| REQUIREMENT |
Quote the data below in full, please, without altering anything.

| SOURCE MATERIAL |
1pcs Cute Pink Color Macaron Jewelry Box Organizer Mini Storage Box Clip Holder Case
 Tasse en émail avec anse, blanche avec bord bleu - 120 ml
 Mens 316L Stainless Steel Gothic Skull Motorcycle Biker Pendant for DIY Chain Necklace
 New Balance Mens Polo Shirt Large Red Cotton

| ANSWER SPACE |
1pcs Cute Pink Color Macaron Jewelry Box Organizer Mini Storage Box Clip Holder Case
 Tasse en émail avec anse, blanche avec bord bleu - 120 ml
 Mens 316L Stainless Steel Gothic Skull Motorcycle Biker Pendant for DIY Chain Necklace
 New Balance Mens Polo Shirt Large Red Cotton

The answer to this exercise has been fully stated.